As the post says hands up all those who sink or get suck on non hardstandings, normally when this topic appears i recommend bread trays (which you have to pinch)oops borrow. Well today i've found the perfect solution
I work next to a plumbers merchants & on the top of their rubbish pile was a PLASTIC pallet roughly 3ftx4ftx2in honeycombed with 3in squares, these they say are a chuck away item, i've just cut mine up width wise & it's made 2 pads 24 x 32 x 2inch thick
Took me 30mins to cut up & to remove the stumpy legs, so keep your eyes open remember this is rubbish that will save you a lot of strife
I use the cheap plastic door mats, the ones that look like grass, worked OK so far.
Park with front drive wheels on one each then two more to use as door mats front and back (garage door) and then use those when required, once going you can then usually keep going.
We were down at Escot Park,in Devon (for Beautiful Days Festival) and the car parks and campervan fields were an absolute mud bath(..a real buried to the axel job!)...
There were ex-mod,Landy 101s and Bedford 4x4 trucks,needing to dragged out by tractors..and yet some folk were STILL tattin' about with those ribbed,yellow mat things!
use the milenco mud mats - much better than those yellow things, these are made from rubber and actually have a bite on them to get you moving - we never pitch without them, even in summer (remember that do we?)
and yet some folk were STILL tattin' about with those ribbed,yellow mat things!
The yellow mat things are Satan's toilet paper. People buy them thinking that they are going to work - they don't. You would think that by now there had been enough bad reports on them on UKCS and other similar websites that no-one bought them any more
Brill tip about the plastic pallets. I've used bread trays for years and they can be a bit too flexible at times.

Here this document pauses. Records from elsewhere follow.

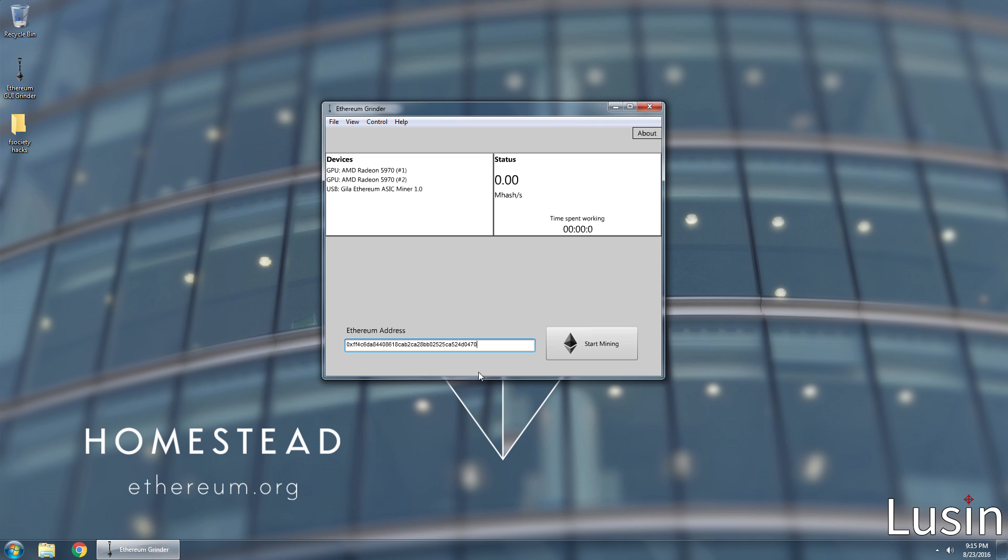All of my hardware is connected. This is it. This is the moment we've been waiting for. Click the start mining button. So, with the power of all of my hardware, I am mining Ethereum at 313 megahashes per second. And that's pretty good.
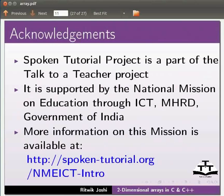The script is contributed by Ridvig Joshi. This is Ashwini Patel from IIT Bombay. Thank you for watching.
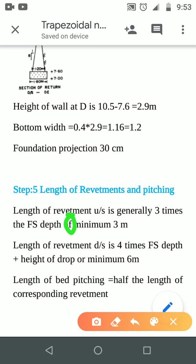The length of revetment downstream is 4 times the full supply depth plus the height of drop. The length of revetment downstream is 4 times the full supply depth plus the height of drop.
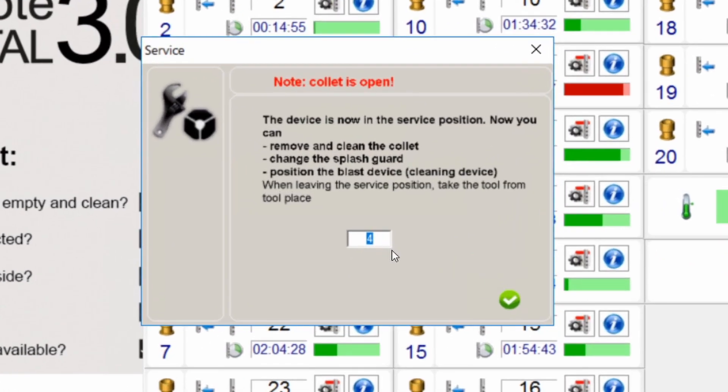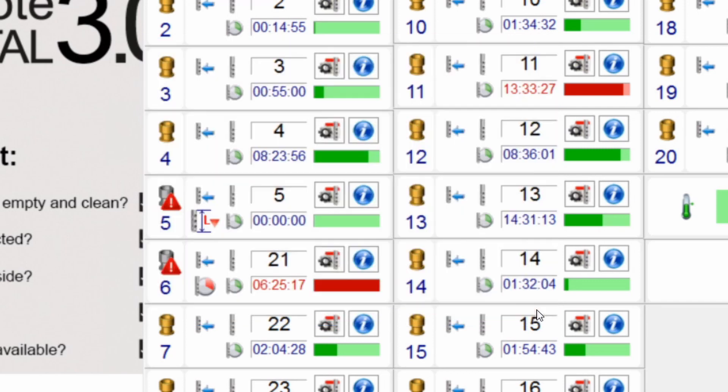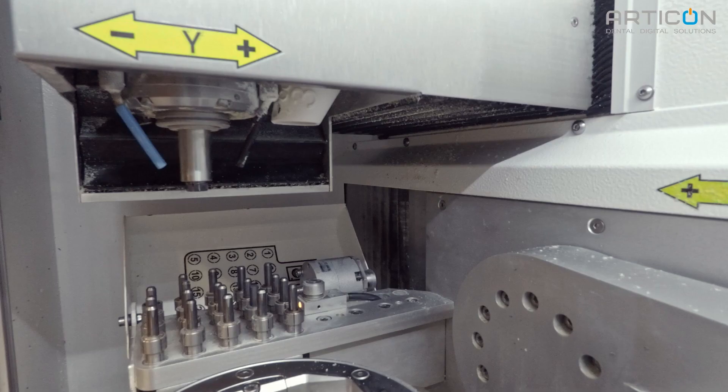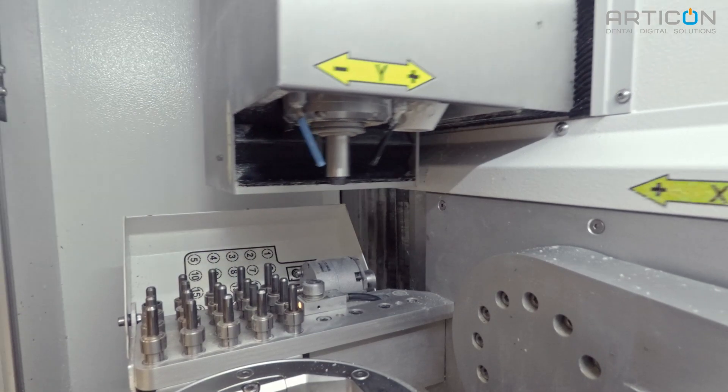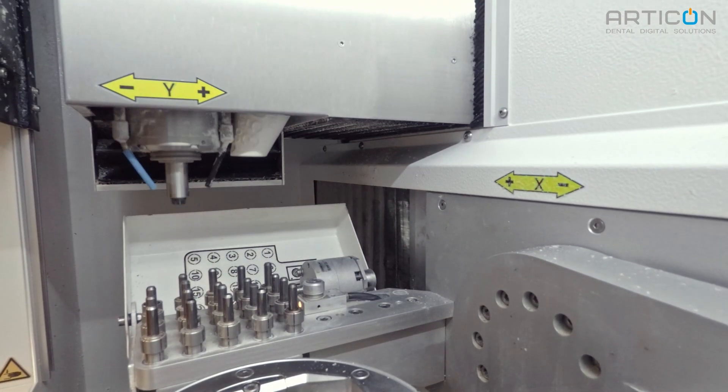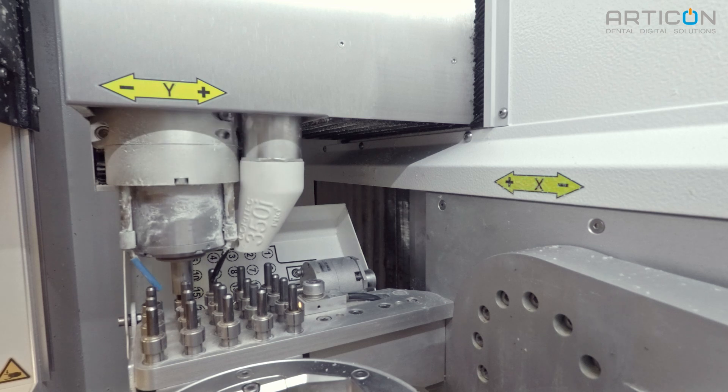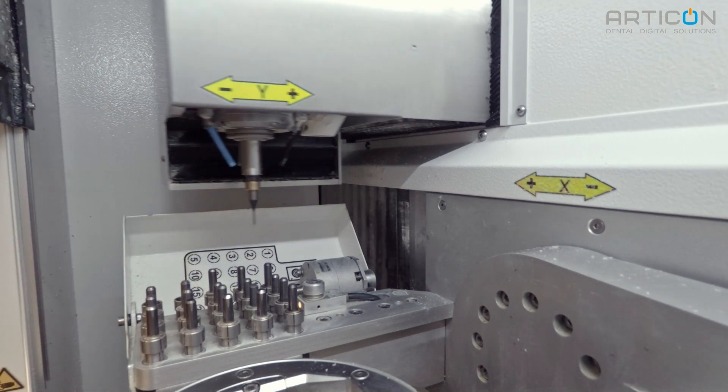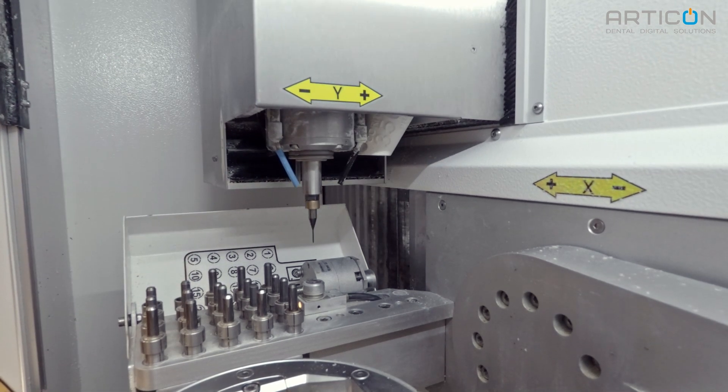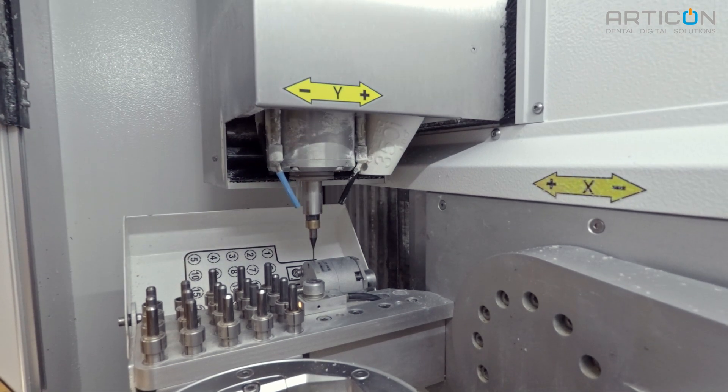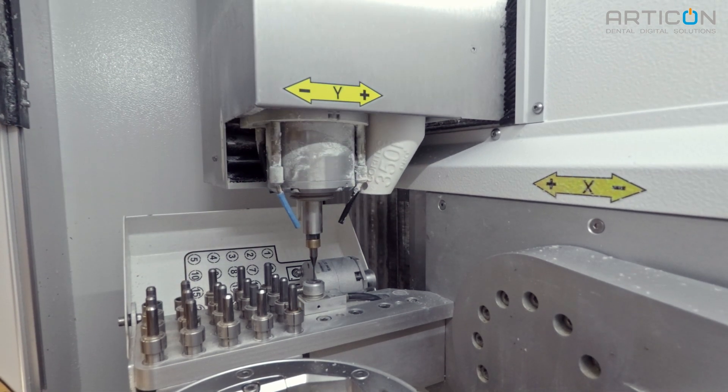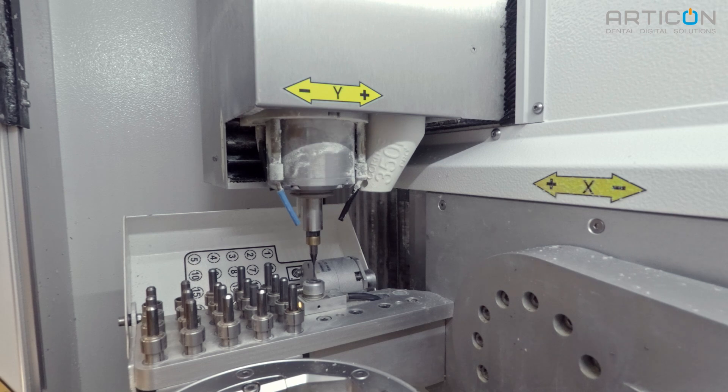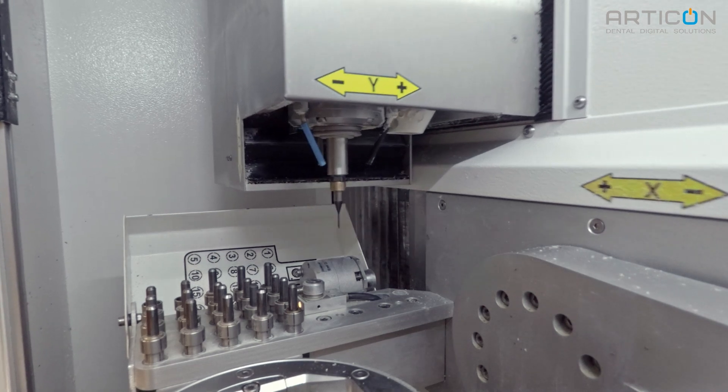As default, the window shows the previously used tool number. We can leave it as is or change the tool number if we want to. After the tool number is confirmed, the machine picks up the tool and measures it. Now the machine is ready for operation.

When all else fails, including asking the warden with his four wheel drive tractor, or owner with his ancient Land Rover, as we did once on a CL, (I am not going to put 2 tonnes of Sedona with only front wheel drive into a muddy field), it can always come back to sheer brute force and ignorance. Alternately chock the back of the wheels and 'walk' the unit out by pulling the towbar first to one side and then the other. Not pretty. Not fast. But works, well did on the Pennine when we got stuck in a field.